Clearly describe what’s bought or sold
A large number of contractual disputes relate to what services were to be performed or goods were to be delivered. A well-drafted business contract will describe the goods being sold or services being provided in as clear and accurate a manner as possible in order to avoid the risk of future disputes. All important issues and assumptions should be confirmed in the written contract. It’s best not to rely on oral assurances or “agreements to agree” at a future date.
will be made
The economic terms are obviously one of the most important sections of any business contract. A good contract will clearly define how the price is determined – for example, a fixed or variable sum. When reviewing contracts for the sale or purchase of goods, review the delivery terms carefully. Consider whether delivery costs are included in the price.
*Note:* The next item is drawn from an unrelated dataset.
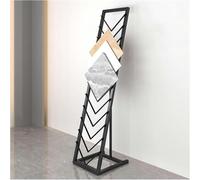 Espositore per piastrelle, espositore in metallo nero, espositore per piastrelle da pavimento, espositore per campioni per eventi di fornitori (nero, 30 x 50 cm)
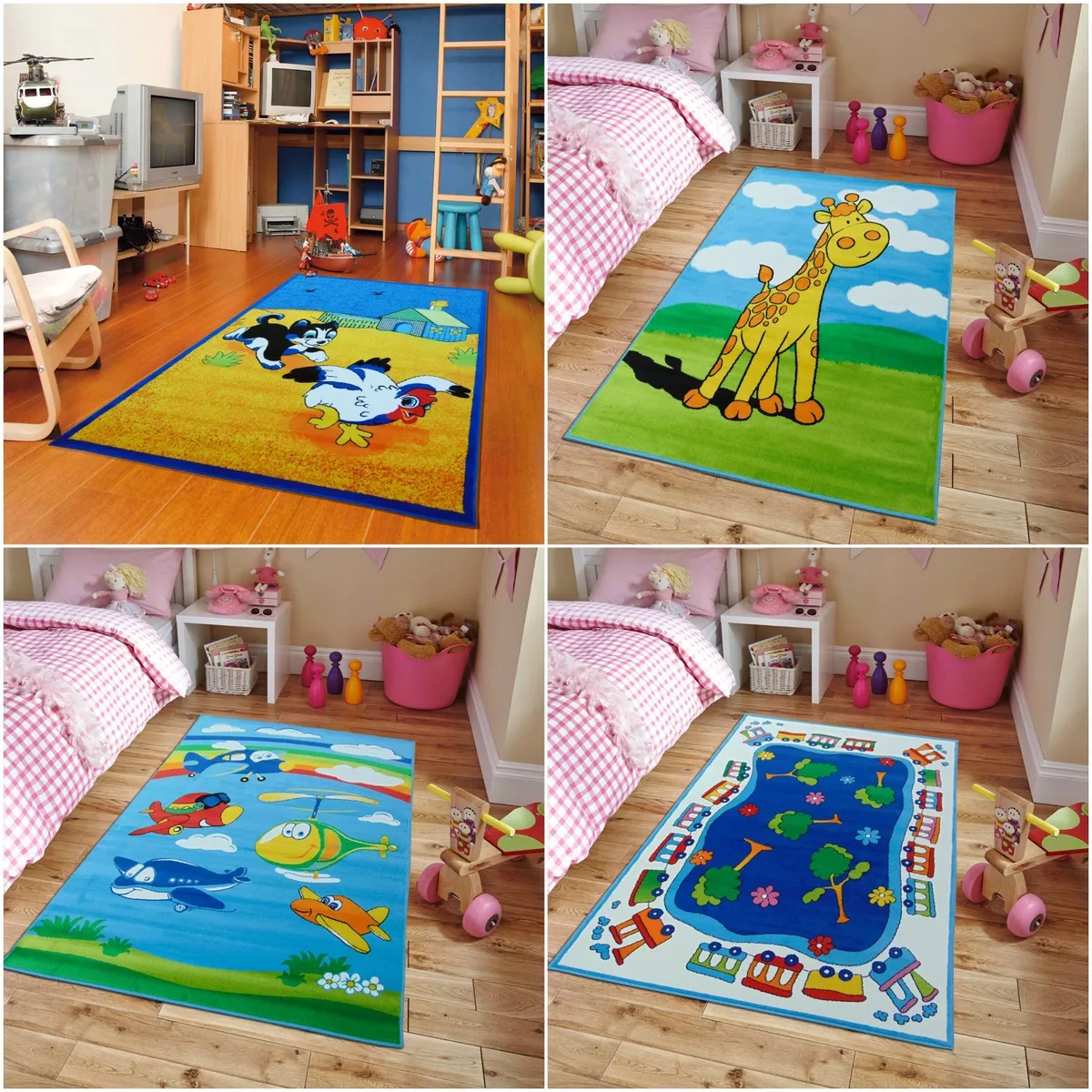 Kids Area Rug Kids Rugs 5x7 Rugs Classroom Rug Educational Rug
The contract should clearly outline how payment is to be made – for example check or wire transfer — and when it’s due. Also consider whether the payment terms will or should include concepts such as installment payments or retention of payments to be held as security for future performance by the counter-party.
Consider contingencies, conditions precedent to performance
Many contracts incorporate some form of contingency into their terms. A good example is making an offer to purchase a new home contingent on the sale of an existing home. If a contract includes contingencies – sometimes called “conditions precedent” – be sure that, to the extent possible, the outcome can be controlled and the conditions satisfied so both parties are obligated to perform under the terms of the contract.
Give thought to
what happens if things go wrong
At the onset of any business relationship most business people assume that everything will end well. Unfortunately business deals do not always go as planned. Any lawyer will say it’s far more effective and cheaper to address issues at the front end in a clearly written contract, than to address them in a dispute-resolution process after things have gone wrong. So when considering a potential business contract give some thought to what happens if things go wrong with the deal. Consider what if any financial loss could be incurred. The “fine print” of many contracts can contain limitations of liability that may not be appropriate in all circumstances.
The effective date of an agreement can sometimes be very important, as can the other “term-related” provisions. Consider if it’s a contract that will last for a particular period of time – a “term.” Consider if it’s a contract that calls for a one-time delivery of specific goods or services. A clear timetable is essential for any business contract.
Be careful about competition issues
Some contracts include provisions restricting one of the parties from competing with the other. Those provisions are sometimes called “restrictive covenants.” Those provisions are technical and can be subject to limitations under state and federal law. Despite those legal impediments, parties can sometimes inadvertently enter into agreements that negatively affect their ability to do business with other parties in the future. Be careful when considering those types of arrangements.
Evaluate termination provisions
An important aspect of the “what happens if things go wrong” analysis is to consider how each party can pull out of the contract. If, for example, the counter-party fails to perform, a producer needs to consider if he or she is able to cancel the contract without demonstrating “cause.” Cause can be difficult to prove. That kind of termination right can be extremely important in making sure that one is not unreasonably tied to a problematic counter-party who is not performing.
Failure to consider key issues and avoid common pitfalls during contract negotiations may result in unforeseen obligations, unintended breaches or negative financial consequences under a contract. Keep the above issues in mind to help avoid negative outcomes.